Posts Tagged ‘depression’

Falling To Pieces

Choices and decisions.

The rallying theme I see so often in other blogs is having no regrets.  I’m guilty of that.  Often pointing out I have no regrets, just lessons learned.  But seriously, how can we really go through life without regrets?  I think that maybe the reason I say that is because if I have regrets about a choice I’ve made then I’m admitting I made a mistake.

And we can’t admit we’ve made mistakes…can we?

This came up for me in reflecting on the leaving my job.  Did I make a mistake?  Should I have just stayed and seen things through?  I see my former staff disintegrating and I can’t help but feel somewhat responsible. Realistically I know that things were headed downhill and staying was very unhealthy for me but at the same time I find myself wondering if I did the right thing.

Leaving my job has caused me to look at my life in painstakingly detail.  For a long time my friends have pointed out that they believe I work(ed) so much to avoid dealing with things in my life that made me unhappy.  Recently my shrink pointed out that without being so busy at work I was going to learn some things about myself.  So far the learning experience hs been less than pleasant.
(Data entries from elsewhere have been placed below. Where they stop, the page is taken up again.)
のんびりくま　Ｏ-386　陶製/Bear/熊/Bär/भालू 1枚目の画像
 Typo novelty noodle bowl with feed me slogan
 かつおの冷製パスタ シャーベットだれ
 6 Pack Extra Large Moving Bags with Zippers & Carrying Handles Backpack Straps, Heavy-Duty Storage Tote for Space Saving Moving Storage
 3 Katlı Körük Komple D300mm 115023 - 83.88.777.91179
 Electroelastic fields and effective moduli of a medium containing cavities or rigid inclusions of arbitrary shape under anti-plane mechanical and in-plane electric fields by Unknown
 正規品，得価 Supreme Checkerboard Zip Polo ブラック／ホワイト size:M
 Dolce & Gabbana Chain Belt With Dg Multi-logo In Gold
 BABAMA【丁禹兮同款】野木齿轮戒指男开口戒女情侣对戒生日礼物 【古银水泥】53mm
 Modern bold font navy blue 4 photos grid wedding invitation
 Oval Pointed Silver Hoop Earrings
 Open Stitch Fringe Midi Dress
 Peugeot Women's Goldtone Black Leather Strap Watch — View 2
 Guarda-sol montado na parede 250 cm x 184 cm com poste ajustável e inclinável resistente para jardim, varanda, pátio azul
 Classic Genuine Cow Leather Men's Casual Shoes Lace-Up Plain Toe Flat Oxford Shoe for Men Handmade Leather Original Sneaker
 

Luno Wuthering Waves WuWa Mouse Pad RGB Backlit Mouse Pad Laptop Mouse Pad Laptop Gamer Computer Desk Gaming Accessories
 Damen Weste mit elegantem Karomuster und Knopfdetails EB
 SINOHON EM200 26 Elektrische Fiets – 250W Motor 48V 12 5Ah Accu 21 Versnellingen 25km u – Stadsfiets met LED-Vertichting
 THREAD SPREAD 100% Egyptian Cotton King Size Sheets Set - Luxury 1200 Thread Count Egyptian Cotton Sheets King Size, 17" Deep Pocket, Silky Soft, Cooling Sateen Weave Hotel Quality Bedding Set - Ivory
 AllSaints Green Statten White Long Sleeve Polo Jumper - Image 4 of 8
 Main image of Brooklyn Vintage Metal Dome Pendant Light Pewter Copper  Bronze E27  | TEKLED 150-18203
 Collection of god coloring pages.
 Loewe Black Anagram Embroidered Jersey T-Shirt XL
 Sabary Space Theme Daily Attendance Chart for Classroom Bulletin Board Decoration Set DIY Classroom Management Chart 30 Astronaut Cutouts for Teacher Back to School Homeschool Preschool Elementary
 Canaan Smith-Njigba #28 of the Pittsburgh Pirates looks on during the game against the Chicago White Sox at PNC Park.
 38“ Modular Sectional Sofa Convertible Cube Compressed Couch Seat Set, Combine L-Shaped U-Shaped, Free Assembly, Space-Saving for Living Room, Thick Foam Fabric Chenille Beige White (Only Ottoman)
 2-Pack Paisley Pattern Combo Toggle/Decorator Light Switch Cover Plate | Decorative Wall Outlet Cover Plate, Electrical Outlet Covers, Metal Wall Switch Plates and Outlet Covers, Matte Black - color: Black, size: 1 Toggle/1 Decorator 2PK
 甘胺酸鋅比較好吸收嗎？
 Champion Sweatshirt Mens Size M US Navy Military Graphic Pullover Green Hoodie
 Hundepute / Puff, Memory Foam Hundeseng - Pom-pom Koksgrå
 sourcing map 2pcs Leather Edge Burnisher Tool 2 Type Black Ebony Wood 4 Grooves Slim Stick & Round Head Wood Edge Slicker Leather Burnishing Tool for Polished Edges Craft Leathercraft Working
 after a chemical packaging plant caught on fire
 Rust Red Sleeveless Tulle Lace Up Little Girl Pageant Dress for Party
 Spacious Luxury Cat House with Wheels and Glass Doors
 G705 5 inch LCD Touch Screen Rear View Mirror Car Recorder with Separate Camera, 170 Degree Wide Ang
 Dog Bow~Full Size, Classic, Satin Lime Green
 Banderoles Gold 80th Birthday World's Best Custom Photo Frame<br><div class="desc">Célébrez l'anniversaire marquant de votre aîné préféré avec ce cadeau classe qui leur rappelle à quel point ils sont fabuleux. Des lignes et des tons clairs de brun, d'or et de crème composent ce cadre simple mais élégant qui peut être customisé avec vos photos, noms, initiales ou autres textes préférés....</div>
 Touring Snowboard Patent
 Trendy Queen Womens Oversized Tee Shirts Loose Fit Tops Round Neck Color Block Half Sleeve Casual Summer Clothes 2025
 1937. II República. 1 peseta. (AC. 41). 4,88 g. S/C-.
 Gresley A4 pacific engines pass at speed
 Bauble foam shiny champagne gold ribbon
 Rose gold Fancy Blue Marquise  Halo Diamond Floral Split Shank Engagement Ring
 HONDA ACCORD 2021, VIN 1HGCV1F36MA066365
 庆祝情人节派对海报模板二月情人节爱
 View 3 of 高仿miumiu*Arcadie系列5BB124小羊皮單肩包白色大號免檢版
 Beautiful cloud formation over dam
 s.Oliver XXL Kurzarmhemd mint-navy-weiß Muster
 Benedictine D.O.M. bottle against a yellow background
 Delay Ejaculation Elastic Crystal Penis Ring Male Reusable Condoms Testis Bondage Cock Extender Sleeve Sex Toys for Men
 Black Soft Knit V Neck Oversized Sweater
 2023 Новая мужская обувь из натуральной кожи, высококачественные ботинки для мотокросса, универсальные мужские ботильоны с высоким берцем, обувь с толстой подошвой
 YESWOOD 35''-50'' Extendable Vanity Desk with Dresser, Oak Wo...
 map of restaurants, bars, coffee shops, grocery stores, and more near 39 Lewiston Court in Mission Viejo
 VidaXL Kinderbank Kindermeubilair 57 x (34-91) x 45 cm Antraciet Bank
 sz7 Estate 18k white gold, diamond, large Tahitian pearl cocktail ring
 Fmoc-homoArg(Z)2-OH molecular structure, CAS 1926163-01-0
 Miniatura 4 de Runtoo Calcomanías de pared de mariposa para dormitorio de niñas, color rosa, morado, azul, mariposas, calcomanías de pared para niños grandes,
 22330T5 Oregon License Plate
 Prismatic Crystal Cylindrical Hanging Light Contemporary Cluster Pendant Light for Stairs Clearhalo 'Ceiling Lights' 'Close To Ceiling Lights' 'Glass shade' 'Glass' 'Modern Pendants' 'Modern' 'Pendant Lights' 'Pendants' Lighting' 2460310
It seems for a long time my job, with all of its stresses, was the glue holding me together.  Because right now I feel like I’m just falling to pieces.  I don’t feel despondent or pessimistic about the future.  I just no longer know what my future is.  For someone like me that’s a rough place to be.  However, that’s also the positive side of this.  I don’ t know what’s ahead.  I’ve taken things back to basics, so to speak.  Whatever choices I do make, I’m going to make the most of them and do so knowing that it’s what is the right thing for me.

Or at least I hope it works out that way.